Find the line with "Cleveland Cavaliers #9" in the entries below, then reproduce it and every line after it down to and including the line with "Economy GYM Rubber", exactly.

[Collected data entries]
########
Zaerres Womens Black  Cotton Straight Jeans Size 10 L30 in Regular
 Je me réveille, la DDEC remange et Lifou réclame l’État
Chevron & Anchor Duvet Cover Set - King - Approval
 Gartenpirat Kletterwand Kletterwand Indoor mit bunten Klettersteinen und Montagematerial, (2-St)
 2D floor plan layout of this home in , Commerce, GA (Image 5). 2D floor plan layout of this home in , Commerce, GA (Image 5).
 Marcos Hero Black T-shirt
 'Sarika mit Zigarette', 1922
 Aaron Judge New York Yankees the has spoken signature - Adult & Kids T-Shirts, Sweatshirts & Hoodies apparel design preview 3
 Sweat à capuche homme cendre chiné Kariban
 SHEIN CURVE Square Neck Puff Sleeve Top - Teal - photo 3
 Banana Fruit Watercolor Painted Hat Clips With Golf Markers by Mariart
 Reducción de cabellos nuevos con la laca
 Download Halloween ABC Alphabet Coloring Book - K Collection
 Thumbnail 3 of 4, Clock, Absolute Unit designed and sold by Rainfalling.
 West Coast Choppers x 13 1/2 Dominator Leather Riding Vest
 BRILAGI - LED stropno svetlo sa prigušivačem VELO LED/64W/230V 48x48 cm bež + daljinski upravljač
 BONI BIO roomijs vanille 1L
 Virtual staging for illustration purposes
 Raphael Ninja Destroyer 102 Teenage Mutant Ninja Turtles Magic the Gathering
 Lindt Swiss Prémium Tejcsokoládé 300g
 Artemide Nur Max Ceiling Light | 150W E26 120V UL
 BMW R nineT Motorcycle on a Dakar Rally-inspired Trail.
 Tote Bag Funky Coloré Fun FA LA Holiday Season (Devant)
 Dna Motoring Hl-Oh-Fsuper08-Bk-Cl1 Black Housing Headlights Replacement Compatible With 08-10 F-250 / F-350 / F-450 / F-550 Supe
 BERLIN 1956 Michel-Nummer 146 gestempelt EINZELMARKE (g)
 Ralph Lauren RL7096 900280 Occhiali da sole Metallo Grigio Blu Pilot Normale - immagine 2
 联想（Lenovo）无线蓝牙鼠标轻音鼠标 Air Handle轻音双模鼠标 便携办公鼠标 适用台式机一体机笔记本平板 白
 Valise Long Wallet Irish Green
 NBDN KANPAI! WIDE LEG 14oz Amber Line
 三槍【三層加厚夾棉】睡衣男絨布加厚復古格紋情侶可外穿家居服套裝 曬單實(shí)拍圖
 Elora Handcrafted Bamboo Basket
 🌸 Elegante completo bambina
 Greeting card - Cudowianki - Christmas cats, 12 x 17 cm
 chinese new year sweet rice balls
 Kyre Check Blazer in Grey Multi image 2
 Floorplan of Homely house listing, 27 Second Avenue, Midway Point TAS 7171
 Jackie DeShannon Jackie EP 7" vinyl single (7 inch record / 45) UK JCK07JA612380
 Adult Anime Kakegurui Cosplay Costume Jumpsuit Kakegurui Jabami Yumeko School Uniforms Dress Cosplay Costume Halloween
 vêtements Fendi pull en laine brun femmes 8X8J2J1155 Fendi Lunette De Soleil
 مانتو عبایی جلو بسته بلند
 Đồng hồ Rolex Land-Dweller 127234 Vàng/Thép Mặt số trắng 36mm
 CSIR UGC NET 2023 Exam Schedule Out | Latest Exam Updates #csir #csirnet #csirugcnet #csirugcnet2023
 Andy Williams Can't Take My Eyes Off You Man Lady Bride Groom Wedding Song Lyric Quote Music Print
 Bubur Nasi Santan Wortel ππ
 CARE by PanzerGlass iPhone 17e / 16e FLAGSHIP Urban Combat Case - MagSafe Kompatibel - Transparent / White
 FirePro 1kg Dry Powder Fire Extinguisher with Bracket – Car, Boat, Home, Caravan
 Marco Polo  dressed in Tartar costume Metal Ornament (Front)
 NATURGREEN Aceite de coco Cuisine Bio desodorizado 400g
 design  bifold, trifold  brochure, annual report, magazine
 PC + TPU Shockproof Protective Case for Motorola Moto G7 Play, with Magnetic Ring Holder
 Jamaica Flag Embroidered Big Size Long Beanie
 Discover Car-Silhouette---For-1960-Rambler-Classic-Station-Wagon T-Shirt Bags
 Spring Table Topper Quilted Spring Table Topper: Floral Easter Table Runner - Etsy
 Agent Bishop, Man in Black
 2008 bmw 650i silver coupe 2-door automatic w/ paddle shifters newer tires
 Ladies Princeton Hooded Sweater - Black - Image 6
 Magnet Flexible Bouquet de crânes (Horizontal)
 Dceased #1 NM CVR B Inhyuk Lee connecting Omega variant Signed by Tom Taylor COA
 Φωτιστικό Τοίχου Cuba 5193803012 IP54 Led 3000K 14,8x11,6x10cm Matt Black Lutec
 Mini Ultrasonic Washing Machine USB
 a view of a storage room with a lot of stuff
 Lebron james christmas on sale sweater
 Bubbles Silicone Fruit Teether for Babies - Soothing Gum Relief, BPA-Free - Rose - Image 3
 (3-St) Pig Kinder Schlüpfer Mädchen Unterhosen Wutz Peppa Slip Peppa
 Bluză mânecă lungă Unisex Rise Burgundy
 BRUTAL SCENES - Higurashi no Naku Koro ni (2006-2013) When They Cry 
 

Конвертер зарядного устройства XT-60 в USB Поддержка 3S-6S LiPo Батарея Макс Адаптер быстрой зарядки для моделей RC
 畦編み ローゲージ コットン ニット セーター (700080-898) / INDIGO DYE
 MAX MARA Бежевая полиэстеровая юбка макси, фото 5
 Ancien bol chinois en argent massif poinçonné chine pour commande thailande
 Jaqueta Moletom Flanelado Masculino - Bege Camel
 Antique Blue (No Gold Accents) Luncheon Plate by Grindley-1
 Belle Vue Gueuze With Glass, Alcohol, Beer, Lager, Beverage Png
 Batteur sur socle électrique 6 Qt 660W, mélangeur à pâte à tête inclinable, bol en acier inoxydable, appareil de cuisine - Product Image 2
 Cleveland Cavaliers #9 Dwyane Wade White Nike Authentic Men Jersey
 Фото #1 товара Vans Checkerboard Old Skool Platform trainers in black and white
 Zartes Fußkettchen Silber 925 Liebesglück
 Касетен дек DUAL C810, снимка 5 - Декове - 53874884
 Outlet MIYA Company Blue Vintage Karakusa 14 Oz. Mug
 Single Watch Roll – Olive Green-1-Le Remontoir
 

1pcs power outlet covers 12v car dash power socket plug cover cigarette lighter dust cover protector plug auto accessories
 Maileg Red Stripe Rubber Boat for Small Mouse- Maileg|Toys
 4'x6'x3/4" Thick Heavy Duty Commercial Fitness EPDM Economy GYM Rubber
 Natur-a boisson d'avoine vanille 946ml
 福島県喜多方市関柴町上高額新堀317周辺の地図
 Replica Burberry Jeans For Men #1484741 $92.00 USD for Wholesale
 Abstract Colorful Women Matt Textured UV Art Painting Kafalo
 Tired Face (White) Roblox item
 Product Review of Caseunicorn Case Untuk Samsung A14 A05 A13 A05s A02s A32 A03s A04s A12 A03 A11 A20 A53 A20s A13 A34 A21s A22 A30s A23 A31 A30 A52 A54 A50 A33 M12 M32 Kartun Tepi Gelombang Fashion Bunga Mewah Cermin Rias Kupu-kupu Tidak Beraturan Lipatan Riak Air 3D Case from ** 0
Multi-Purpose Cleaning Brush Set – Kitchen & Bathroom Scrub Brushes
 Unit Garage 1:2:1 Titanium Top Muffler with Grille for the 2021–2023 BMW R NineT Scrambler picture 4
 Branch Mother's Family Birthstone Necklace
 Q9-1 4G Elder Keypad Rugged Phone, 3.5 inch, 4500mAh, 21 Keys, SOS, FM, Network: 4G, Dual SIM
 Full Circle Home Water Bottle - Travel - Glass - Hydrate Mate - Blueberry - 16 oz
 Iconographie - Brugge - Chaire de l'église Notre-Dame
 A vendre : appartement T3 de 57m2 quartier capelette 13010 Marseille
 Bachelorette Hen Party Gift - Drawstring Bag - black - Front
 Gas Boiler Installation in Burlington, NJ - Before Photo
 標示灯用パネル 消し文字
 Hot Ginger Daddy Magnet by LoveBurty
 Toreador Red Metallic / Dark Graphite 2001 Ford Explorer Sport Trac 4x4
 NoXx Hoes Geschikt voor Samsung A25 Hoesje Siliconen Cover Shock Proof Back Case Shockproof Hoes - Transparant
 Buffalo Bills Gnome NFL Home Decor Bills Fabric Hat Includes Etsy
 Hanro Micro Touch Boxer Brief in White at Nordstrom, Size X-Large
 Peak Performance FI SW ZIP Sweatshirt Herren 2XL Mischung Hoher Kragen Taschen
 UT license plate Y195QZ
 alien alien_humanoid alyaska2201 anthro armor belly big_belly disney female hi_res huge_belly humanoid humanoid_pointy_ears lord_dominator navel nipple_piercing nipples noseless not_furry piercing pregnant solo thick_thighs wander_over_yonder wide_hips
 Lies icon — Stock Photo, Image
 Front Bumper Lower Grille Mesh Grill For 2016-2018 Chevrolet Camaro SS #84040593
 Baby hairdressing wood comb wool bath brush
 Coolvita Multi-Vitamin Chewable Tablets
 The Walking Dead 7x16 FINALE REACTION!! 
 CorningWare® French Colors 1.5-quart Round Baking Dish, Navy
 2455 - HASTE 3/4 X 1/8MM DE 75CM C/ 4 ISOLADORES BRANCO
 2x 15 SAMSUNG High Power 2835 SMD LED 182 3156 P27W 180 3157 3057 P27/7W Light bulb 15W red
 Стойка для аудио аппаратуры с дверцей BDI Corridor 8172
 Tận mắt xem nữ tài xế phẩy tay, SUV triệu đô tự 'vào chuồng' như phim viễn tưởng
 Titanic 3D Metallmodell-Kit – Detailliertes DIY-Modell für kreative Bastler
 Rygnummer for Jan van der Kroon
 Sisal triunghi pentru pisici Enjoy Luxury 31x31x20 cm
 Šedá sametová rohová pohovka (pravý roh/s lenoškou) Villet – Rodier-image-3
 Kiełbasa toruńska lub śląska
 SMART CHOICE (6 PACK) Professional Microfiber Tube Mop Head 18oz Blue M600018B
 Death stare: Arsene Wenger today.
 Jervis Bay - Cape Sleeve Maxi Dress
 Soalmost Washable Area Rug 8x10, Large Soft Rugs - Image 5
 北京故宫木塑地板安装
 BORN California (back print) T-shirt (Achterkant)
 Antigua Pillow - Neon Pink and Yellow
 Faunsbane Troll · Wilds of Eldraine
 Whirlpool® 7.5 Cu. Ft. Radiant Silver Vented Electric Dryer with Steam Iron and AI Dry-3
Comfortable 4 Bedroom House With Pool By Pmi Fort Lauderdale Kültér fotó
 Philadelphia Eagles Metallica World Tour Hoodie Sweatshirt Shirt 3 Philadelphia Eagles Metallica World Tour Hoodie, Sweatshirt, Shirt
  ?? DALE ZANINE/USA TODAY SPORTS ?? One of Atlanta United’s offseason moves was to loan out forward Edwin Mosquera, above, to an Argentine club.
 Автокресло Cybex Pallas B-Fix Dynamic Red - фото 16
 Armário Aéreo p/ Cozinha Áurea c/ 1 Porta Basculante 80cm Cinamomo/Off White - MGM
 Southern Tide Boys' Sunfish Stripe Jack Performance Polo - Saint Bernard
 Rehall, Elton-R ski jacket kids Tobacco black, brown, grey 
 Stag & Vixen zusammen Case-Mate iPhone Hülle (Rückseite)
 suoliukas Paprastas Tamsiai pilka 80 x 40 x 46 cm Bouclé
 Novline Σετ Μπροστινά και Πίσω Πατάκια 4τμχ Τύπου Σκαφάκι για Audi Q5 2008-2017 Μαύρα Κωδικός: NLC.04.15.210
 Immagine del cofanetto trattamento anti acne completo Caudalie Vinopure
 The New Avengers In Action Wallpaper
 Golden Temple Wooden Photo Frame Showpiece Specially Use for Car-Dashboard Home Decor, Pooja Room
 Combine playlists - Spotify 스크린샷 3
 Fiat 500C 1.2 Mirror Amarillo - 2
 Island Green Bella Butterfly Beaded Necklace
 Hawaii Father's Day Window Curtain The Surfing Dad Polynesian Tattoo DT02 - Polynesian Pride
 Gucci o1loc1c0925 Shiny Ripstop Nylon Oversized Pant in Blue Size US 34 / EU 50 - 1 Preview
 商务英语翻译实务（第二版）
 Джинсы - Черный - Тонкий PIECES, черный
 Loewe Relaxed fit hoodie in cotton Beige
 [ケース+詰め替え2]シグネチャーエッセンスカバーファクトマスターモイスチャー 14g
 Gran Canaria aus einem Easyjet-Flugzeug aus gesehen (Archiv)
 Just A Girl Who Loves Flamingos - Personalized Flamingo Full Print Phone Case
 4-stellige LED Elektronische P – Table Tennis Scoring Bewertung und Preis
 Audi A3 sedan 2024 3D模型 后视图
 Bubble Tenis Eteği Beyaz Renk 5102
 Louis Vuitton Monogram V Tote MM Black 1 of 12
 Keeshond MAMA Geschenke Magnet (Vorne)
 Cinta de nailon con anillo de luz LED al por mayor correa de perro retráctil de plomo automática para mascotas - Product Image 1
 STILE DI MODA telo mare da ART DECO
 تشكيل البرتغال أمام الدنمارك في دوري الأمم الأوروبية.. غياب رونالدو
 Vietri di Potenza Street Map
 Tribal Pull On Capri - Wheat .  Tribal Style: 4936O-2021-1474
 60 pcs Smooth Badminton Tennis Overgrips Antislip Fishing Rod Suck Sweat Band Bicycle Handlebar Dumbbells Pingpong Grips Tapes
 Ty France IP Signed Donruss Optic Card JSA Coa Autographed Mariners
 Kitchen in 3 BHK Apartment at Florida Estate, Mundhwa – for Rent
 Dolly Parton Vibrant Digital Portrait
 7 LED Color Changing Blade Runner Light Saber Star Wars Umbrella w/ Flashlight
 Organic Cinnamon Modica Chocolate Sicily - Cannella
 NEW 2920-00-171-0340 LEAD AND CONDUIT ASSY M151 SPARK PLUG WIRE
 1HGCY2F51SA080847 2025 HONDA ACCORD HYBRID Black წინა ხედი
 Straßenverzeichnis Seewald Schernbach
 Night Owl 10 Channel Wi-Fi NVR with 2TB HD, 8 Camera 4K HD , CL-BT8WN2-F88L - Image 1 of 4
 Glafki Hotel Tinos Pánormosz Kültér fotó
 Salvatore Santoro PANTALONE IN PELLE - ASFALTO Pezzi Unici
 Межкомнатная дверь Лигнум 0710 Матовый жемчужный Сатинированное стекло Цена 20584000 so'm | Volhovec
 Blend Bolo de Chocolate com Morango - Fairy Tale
########
TASK RESPONSE:
 Cleveland Cavaliers #9 Dwyane Wade White Nike Authentic Men Jersey
 Фото #1 товара Vans Checkerboard Old Skool Platform trainers in black and white
 Zartes Fußkettchen Silber 925 Liebesglück
 Касетен дек DUAL C810, снимка 5 - Декове - 53874884
 Outlet MIYA Company Blue Vintage Karakusa 14 Oz. Mug
 Single Watch Roll – Olive Green-1-Le Remontoir
 

1pcs power outlet covers 12v car dash power socket plug cover cigarette lighter dust cover protector plug auto accessories
 Maileg Red Stripe Rubber Boat for Small Mouse- Maileg|Toys
 4'x6'x3/4" Thick Heavy Duty Commercial Fitness EPDM Economy GYM Rubber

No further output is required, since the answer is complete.